== Data listing ==
———
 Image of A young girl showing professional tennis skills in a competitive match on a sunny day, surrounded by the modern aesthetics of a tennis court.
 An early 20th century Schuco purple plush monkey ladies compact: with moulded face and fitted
———
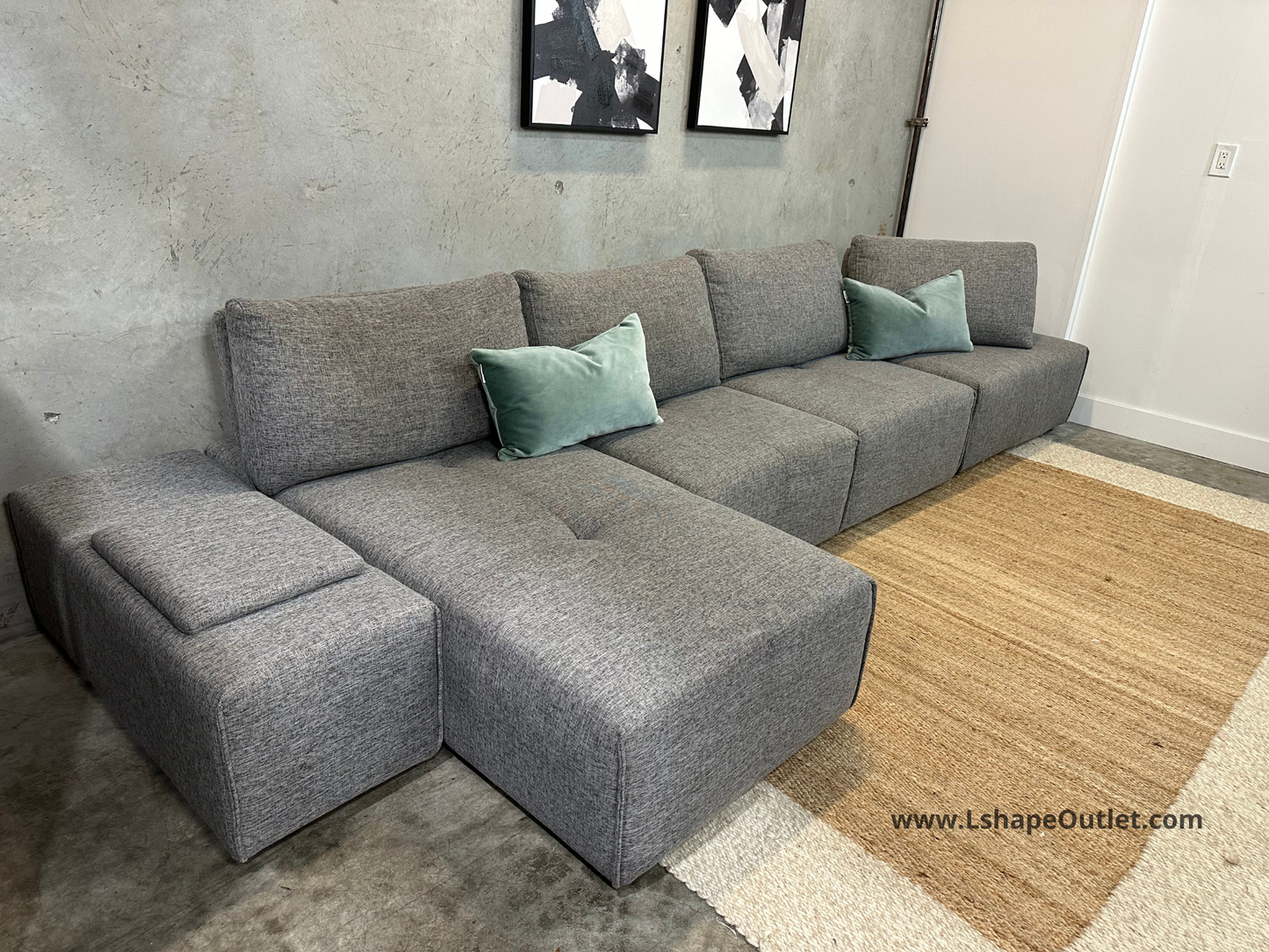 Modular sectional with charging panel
———
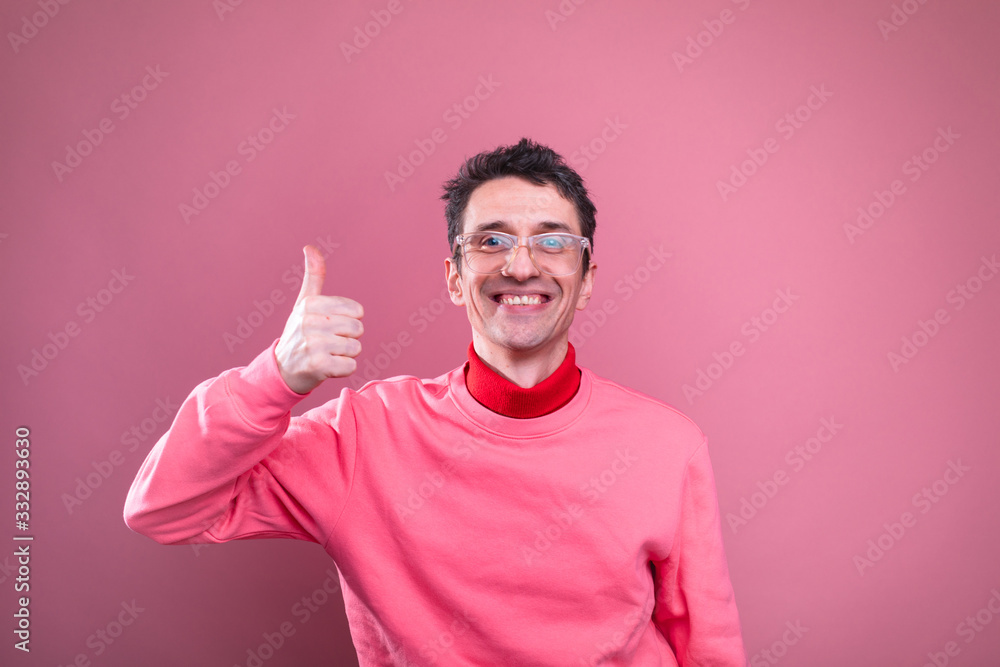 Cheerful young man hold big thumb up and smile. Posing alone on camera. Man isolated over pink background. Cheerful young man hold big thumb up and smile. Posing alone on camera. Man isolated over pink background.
———
== Directions ==
Above this instruction are the records; retype exactly the lines from the one containing "Image of A young" up to and including the one containing "An early 20th".

== Worked solution ==
 Image of A young girl showing professional tennis skills in a competitive match on a sunny day, surrounded by the modern aesthetics of a tennis court.
 An early 20th century Schuco purple plush monkey ladies compact: with moulded face and fitted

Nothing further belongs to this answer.